A top Turkish official told US national security advisor John Bolton late Wednesday that Ankara was ready to implement a Syria safe zone plan with Washington “without delay,” state news agency Anadolu reported.
The NATO allies last month agreed to set up a buffer zone between the Turkish border and Syrian areas controlled by the US-backed Kurdish People’s Protection Units (YPG).
Turkish President Recep Tayyip Erdogan has said Ankara will not allow Washington to delay the plan — which Turkish authorities have long been pressing for.
Presidential spokesman Ibrahim Kalin told Bolton in a telephone call that “the Turkish side has completed preparations for the implementation of the Turkish-US joint operation plan without delay,” Anadolu reported.

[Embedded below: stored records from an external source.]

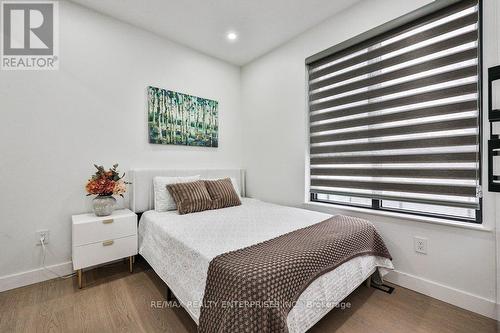 4511 Guelph Line, Burlington, ON - Indoor Photo Showing Bedroom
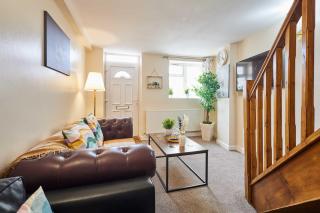 Host & Stay - Queens Road - 3
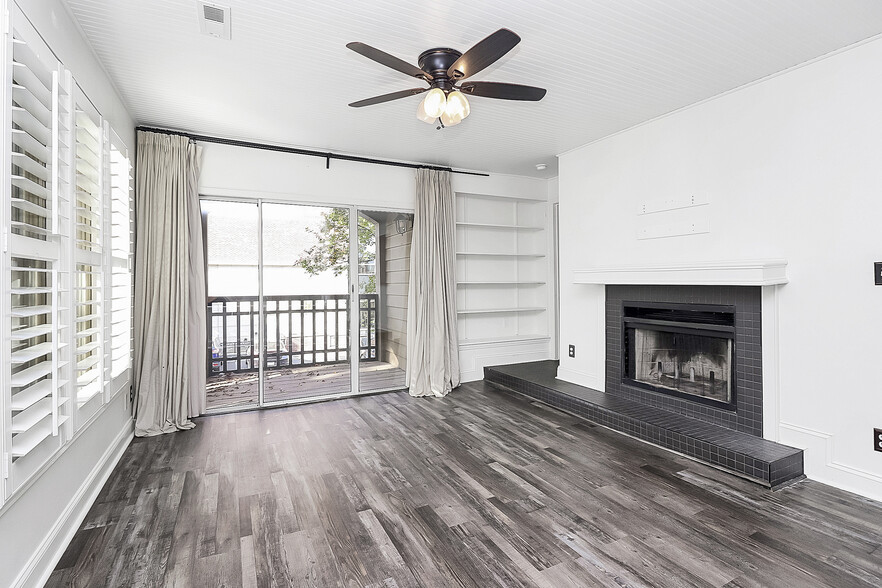 Building Photo - 1109 E Morehead St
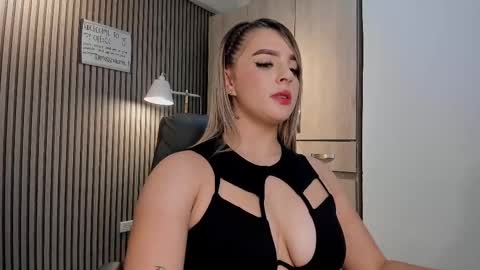 Snapshot of nataly_lblanck chatting on 10/08/25, 11:41 nataly_lblanck online show from 10/08/25, 11:41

The two also discussed a possible meeting between Erdogan and US President Donald Trump on the margins of the annual UN General Assembly meetings in New York later this month.
Turkey has repeatedly threatened to launch a new military offensive against YPG forces in northern Syria, where the Kurdish group controls a large swathe of land.
The YPG — a key partner to Washington in the fight against the Islamic State group in Syria — has said they would help implement the buffer zone in their areas along the Turkish border.
Ankara says the YPG is a “terrorist” offshoot of the outlawed Kurdistan Workers’ Party (PKK), which has been waging an insurgency inside Turkey since 1984.
The PKK is blacklisted as a terror group by Ankara, the US and the European Union.